Festivals hope they can affect people’s attitudes and awareness instead of simply mitigating their own environmental effects.
“People [at a festival] are exploring an alternative way of living, and it’s a good opportunity to reassess your relationship to waste,” Mr. Shannon says. “While camping, there is a unique opportunity to see all the trash you are going to generate in a single weekend because you have to take it all with you. Hopefully [the guests] take some of those strategies and learnings into regular life.”
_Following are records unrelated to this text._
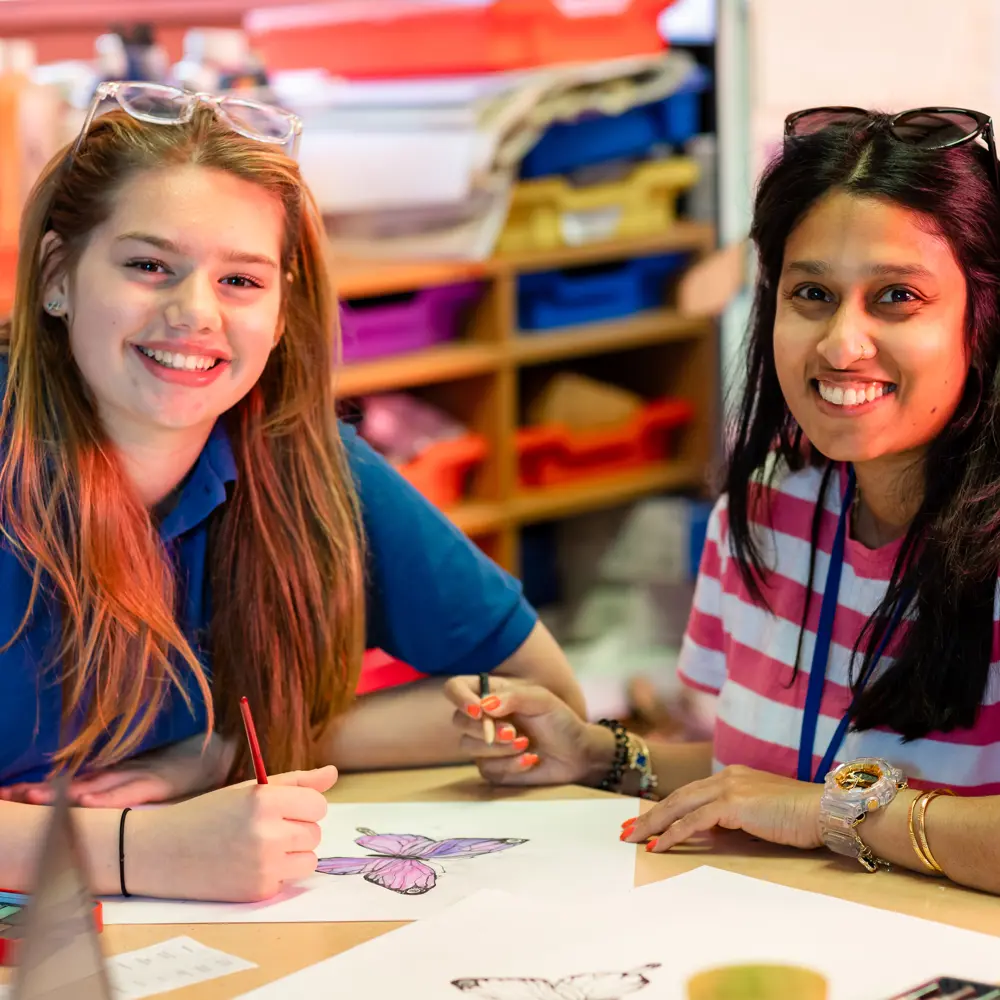 A young girl from Chilworth House Upper colouring with a member of staff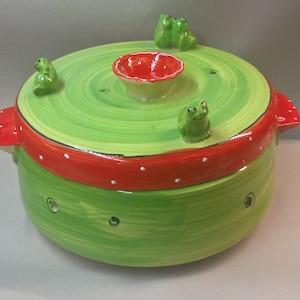 May include: A ceramic pot with a lid, painted in shades of green and red. The lid is green with a red band featuring white polka dots. Three small green frog figurines are on the lid. The pot has a small red bowl in the center.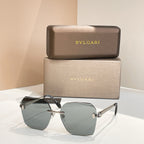 Bvlgari oversized sunglasses with dark green gradient lenses and black frame, gold accents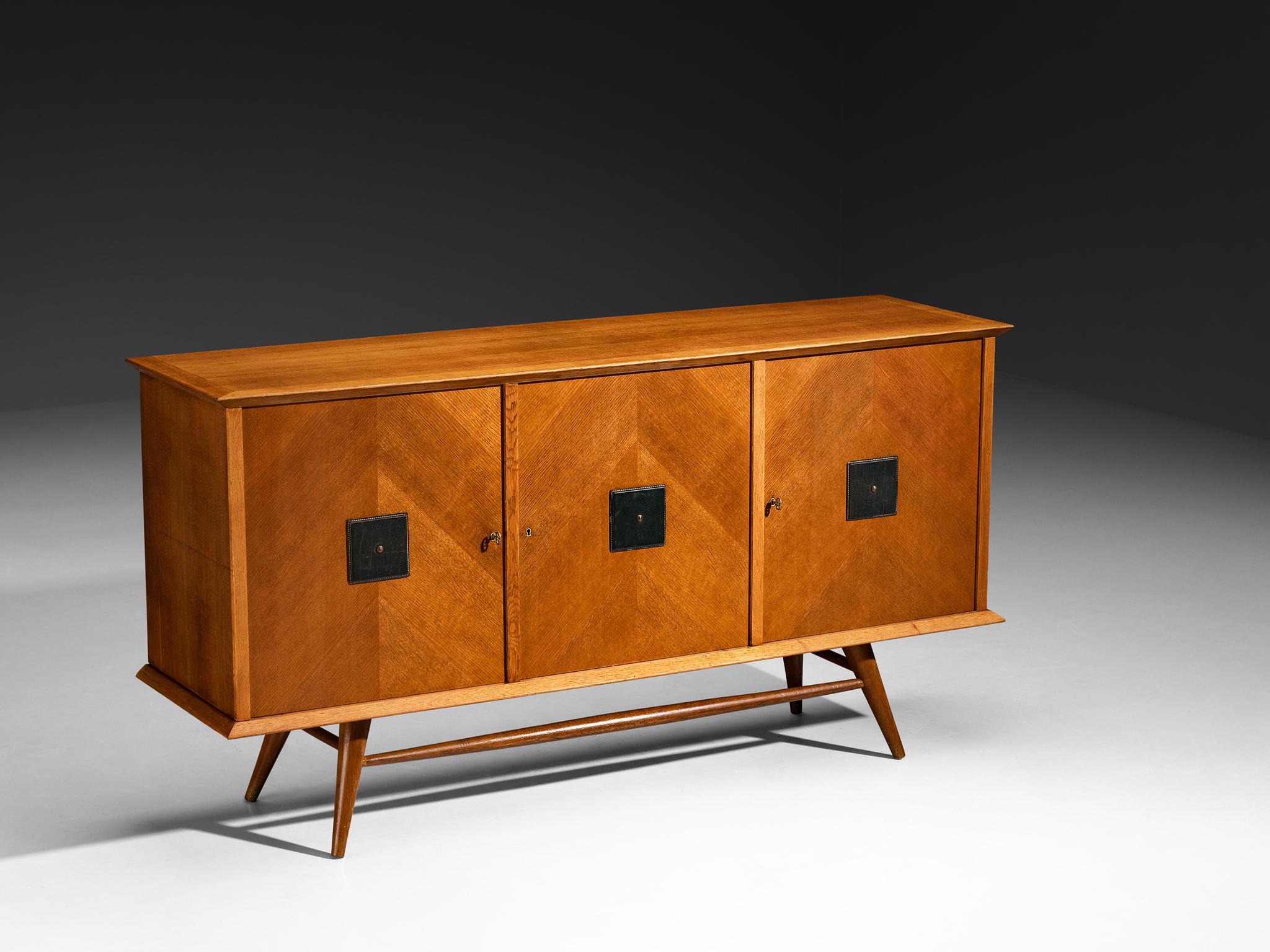 Credenza, Oak, pelle, ottone, Europa, anni '60

Credenza scultorea moderna di metà secolo con intricati dettagli geometrici. Il pezzo poggia su eleganti gambe affusolate che creano un senso di apertura e ne esaltano il fascino scultoreo, bilanciando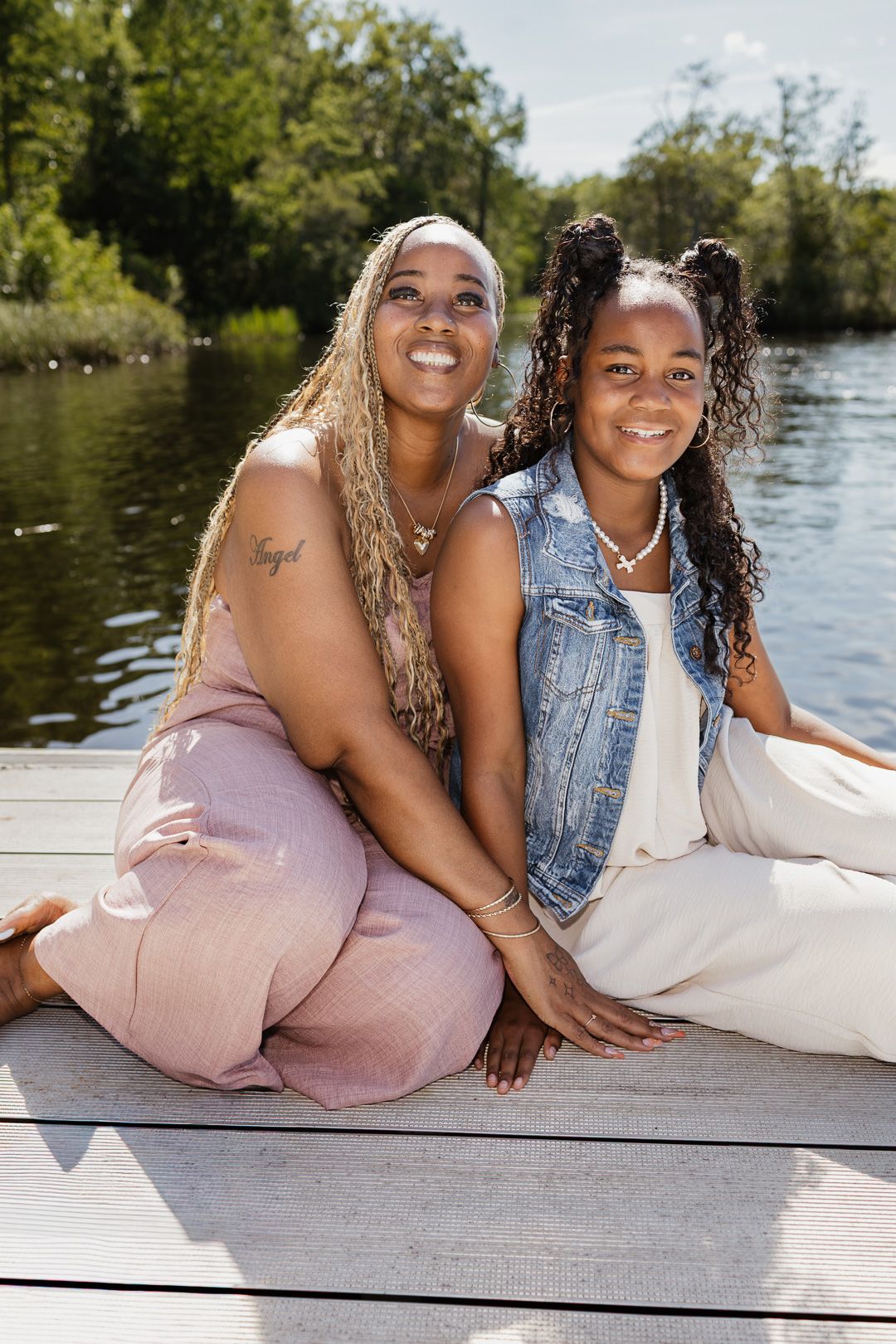 Outdoor family portraits captured in a peaceful park setting in Bagdad, Florida.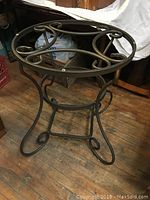 Side view of metal table base showing curved scroll design on legs and around the top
“I find that people are in a different state [at music festivals],” says Amanda Ravenhill, executive director of the Buckminster Fuller Institute. “They are more open, reflective, and have the potential for an epiphany that might become a deeper shift.”
At a venue surrounded by nature and awe-inspiring stages made from recycled materials, speakers find they can have a more profound effect than when speaking from a Marriott Courtyard conference room. Since the 1960s, music festivals and outdoor gatherings have taken on a decidedly countercultural flavor. It’s not surprising, then, that organizers feel the need to address environmental concerns.
“People have been gathering for as long as there have been people,” Shannon says. “So it’s not something we are going to stop doing. It’s more what can we do to reduce the impacts of these gatherings and at the same time have a positive effect. We are confident we are helping people’s minds expand and change, and that’s why we do it.”